GoingGear told me that there will be no ThruNite TN36 from them, because GoingGear is no longer a Thru Nite dealer. They did apologize for that.


----------



## Capolini (Dec 24, 2014)

richbuff said:


> GoingGear told me that there will be no ThruNite TN36 from them, because GoingGear is no longer a Thru Nite dealer. They did apologize for that.

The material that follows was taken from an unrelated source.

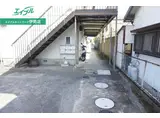 ハイツ池田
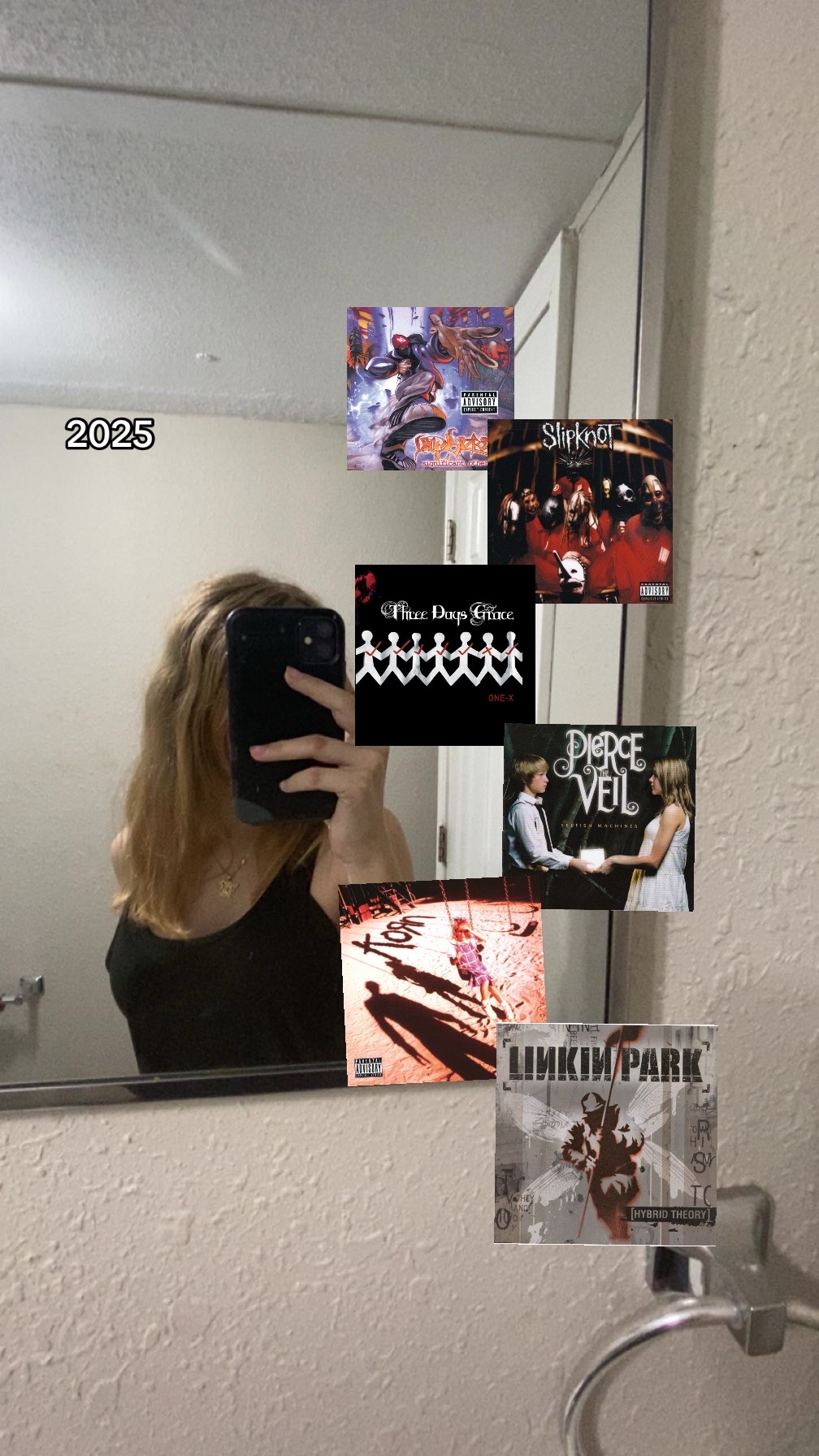 @𝘥𝘢𝘭𝘵𝘺𝘯𝘯𝘭𝘰𝘷𝘦𝘻𝘺𝘰𝘶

 No loss,they could never match Illums discounts on any product!


----------



## P1X4R (Dec 24, 2014)

thanks for the info guys! :twothumbs


----------



## NorthernStar (Dec 27, 2014)

Outstanding review! :thumbsup:

How does the button feels like? Is it recessed? This light does not have a lockout mode, so i wonder how likely
accidental activation could occur?


----------



## SilverSmurf (Dec 29, 2014)

Very nice review and pictures ameretto. 

I'm just curious about the 6510 lumens output. That would imply 2170 lm for each LED, compared with the 1769 lm (at a maximum power of 15 W) quoted on Cree's site. Why the discrepancy? Sorry if this is a stupid question... 

Thanks anyway.


----------



## mustang90 (Dec 31, 2014)

Thanks so much for the great comparison shots! The perspective used really allows visible real world differences between the lights. This one is a clear winner.


----------



## newbie66 (Dec 31, 2014)

Impressive light and beamshots! Thanks for the review!


----------



## Capolini (Jan 19, 2015)

Just ordered One from Illumns. He started w/ 10 earlier today. I checked a few hours ago and 2 were left. I got One of them and the other was gone in 15 minutes!! 

Apparently these are hard to get,especially in large quantities due to popularity and production issues,,,,,that is what I heard!

This will be my FIRST real floody light,,a great start and a Flood Monster at that! Besides EDC lights all others I own are modded throwers! This should compliment it well! :twothumbs


----------



## HIDSGT (Jan 27, 2015)

Capolini said:


> No loss,they could never match Illums discounts on any product!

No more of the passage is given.